All of the entries are to be repeated exactly, with no pictures included.

[Data for analysis]:

──────

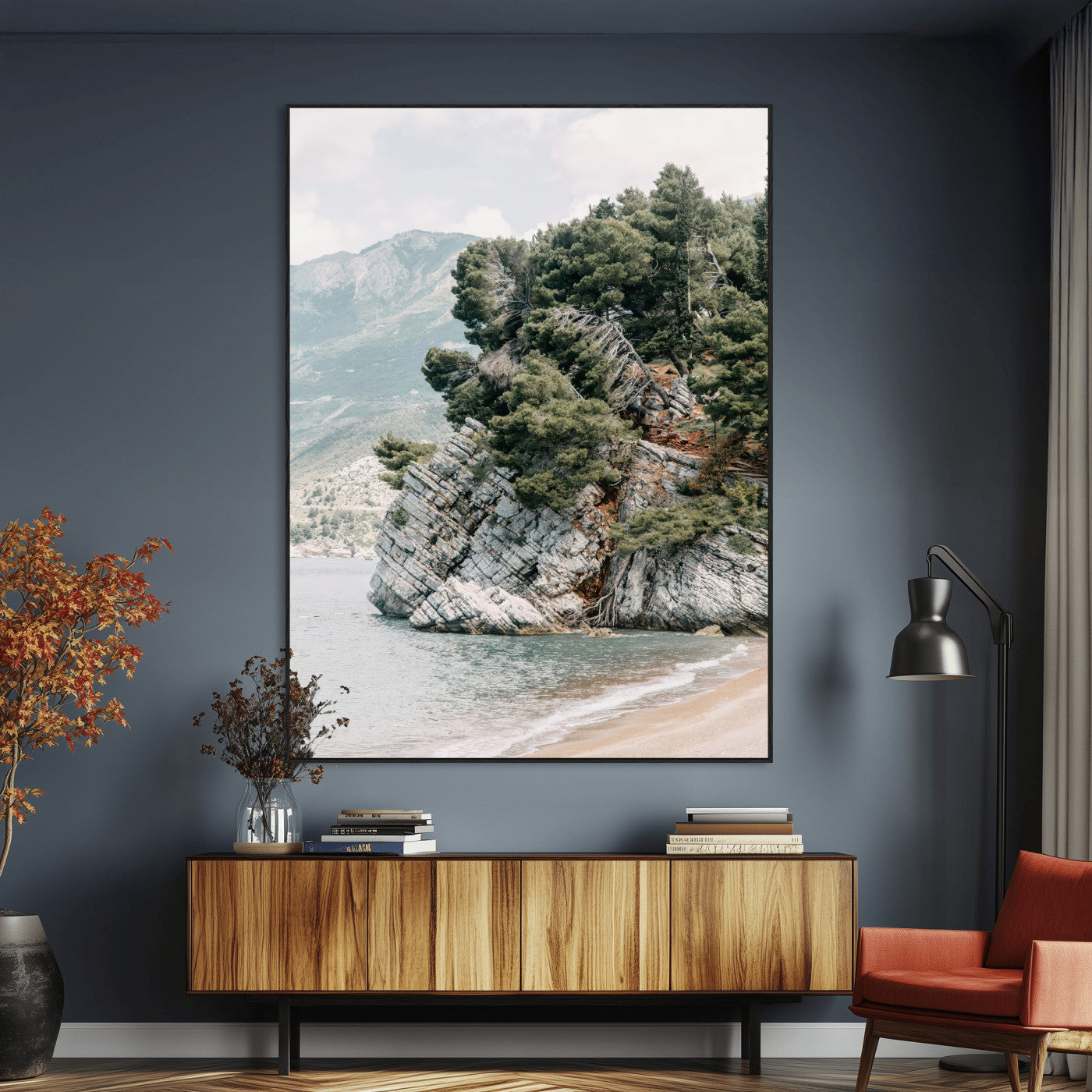 Framed photo of a rocky coastal cliff with dense greenery and calm shoreline, ideal for rustic coastal or earthy-toned home decor.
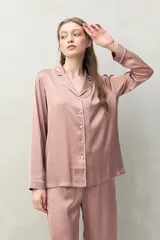 Camisa de pijama color verde menta, de silueta clásica y tacto sedoso. Confeccionada en tejido satinado con leve elasticidad, presenta cuello camisero, cierre frontal con botones y detalles de vivo blanco que realzan el diseño.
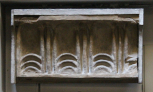 Cast of a fragment of enriched corona moulding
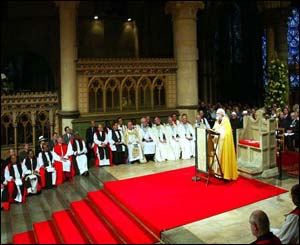 Dr Williams stands before the Chair of St Augustine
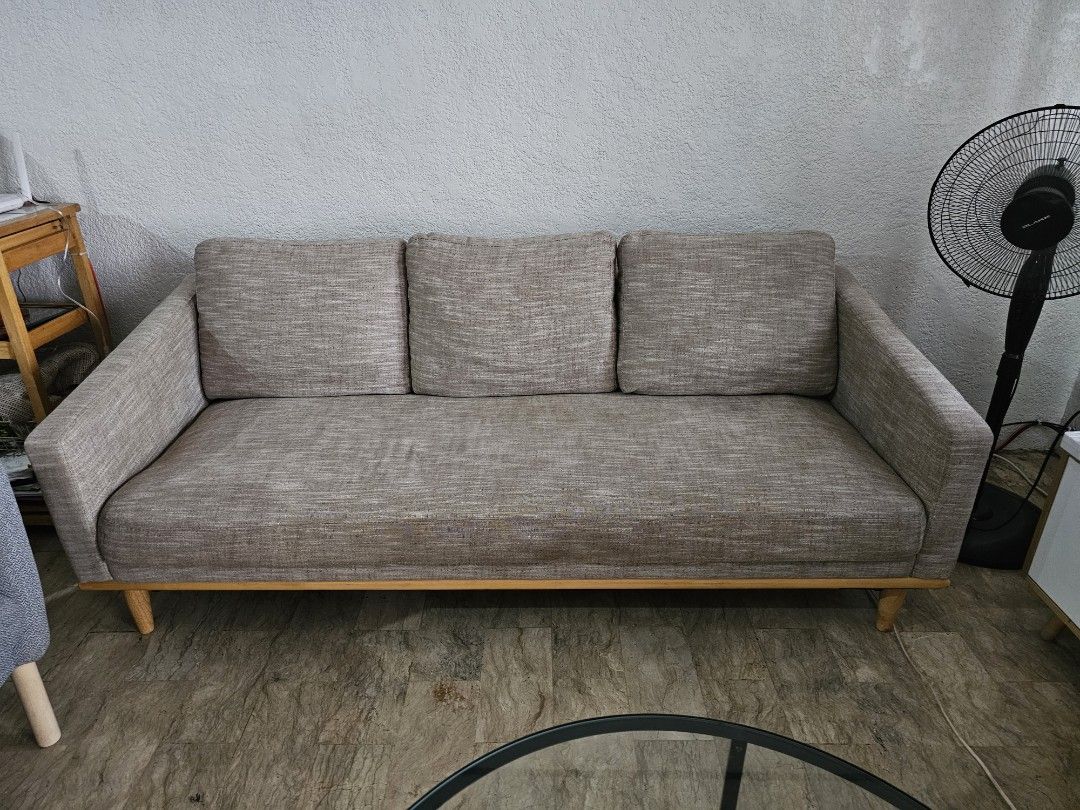 Minimalist 3-Seater Sofa Wooden (Category: Sofas) located in Muntinlupa City. Submitted by janelie (Listing ID 1414524558, Image 1). Description: Selling our 1-2 year old 3-seater fabric sofa with wooden base. Pillows have washable covers. Length: 190cm Width: 53cm Seating height: 37cm Condition: Excellent condition, like new. RFS: Changing the theme of our house Location: sucat paranaque Newly cleaned (vacuum+shampoo+ steam) last Feb 5, 2026:).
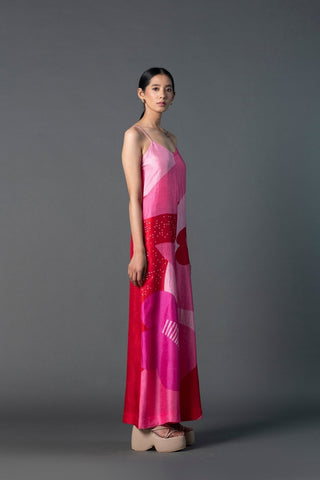 Model wearing fuchsia sequin jumpsuit, styled for a glamorous party look.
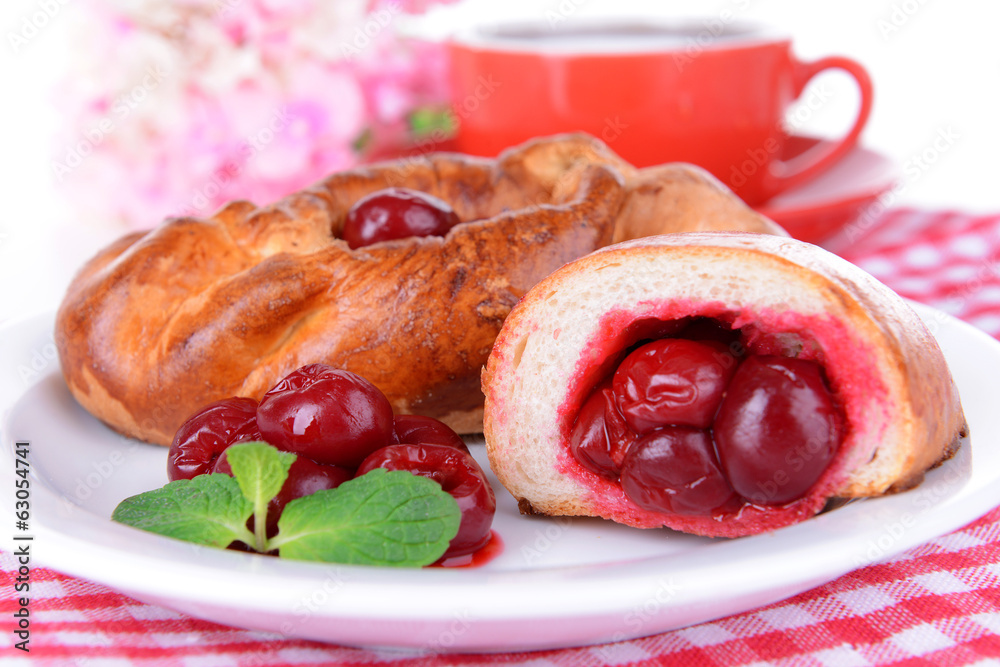 Fresh baked pasties with cherry on plate on table close-up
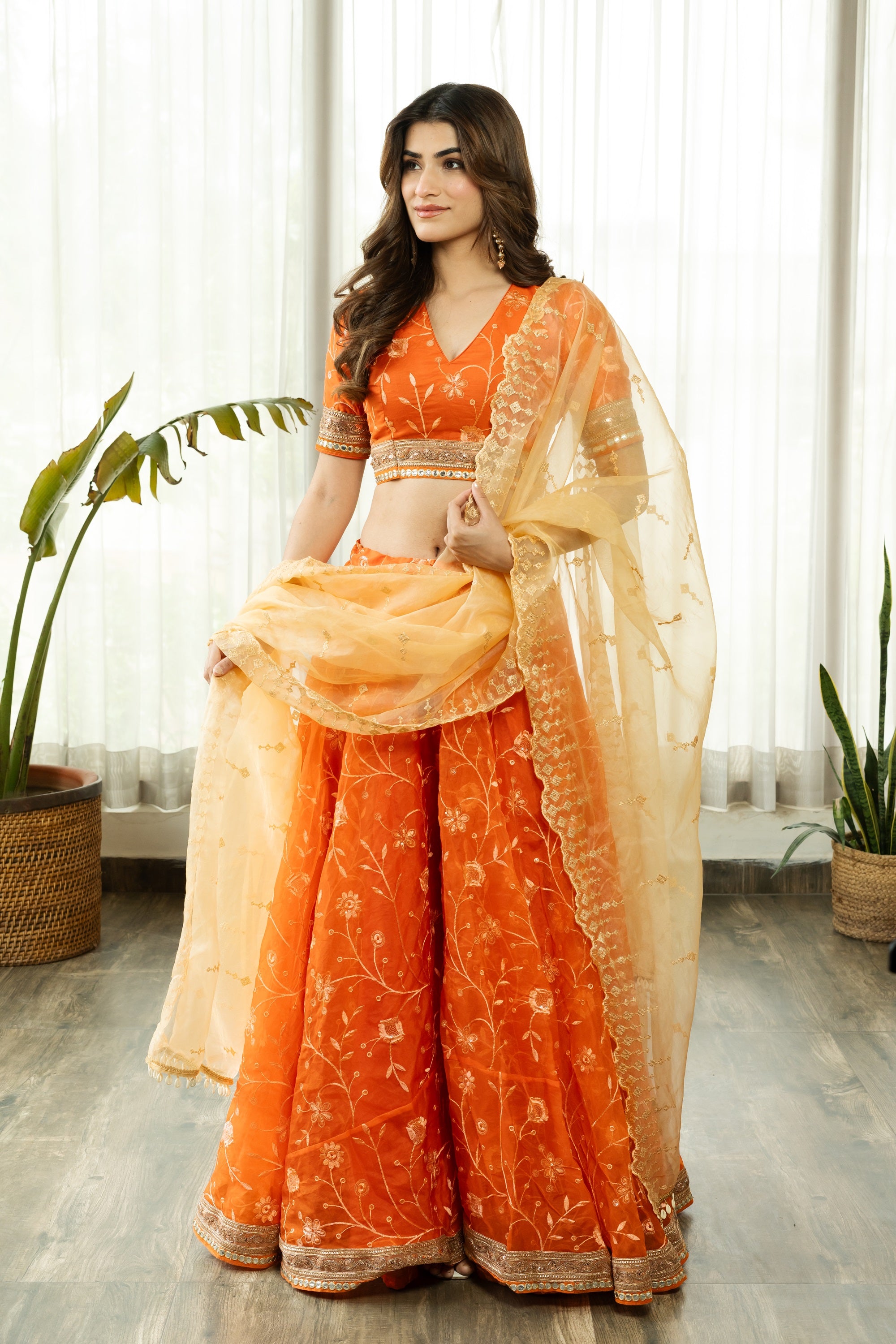 VRISTHI ORANGE EMBELLISHED LEHENGA WITH GOLDEN DUPATTA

──────

[Response below]:
 Framed photo of a rocky coastal cliff with dense greenery and calm shoreline, ideal for rustic coastal or earthy-toned home decor.
 Camisa de pijama color verde menta, de silueta clásica y tacto sedoso. Confeccionada en tejido satinado con leve elasticidad, presenta cuello camisero, cierre frontal con botones y detalles de vivo blanco que realzan el diseño.
 Cast of a fragment of enriched corona moulding
 Dr Williams stands before the Chair of St Augustine
 Minimalist 3-Seater Sofa Wooden (Category: Sofas) located in Muntinlupa City. Submitted by janelie (Listing ID 1414524558, Image 1). Description: Selling our 1-2 year old 3-seater fabric sofa with wooden base. Pillows have washable covers. Length: 190cm Width: 53cm Seating height: 37cm Condition: Excellent condition, like new. RFS: Changing the theme of our house Location: sucat paranaque Newly cleaned (vacuum+shampoo+ steam) last Feb 5, 2026:).
 Model wearing fuchsia sequin jumpsuit, styled for a glamorous party look.
 Fresh baked pasties with cherry on plate on table close-up
 VRISTHI ORANGE EMBELLISHED LEHENGA WITH GOLDEN DUPATTA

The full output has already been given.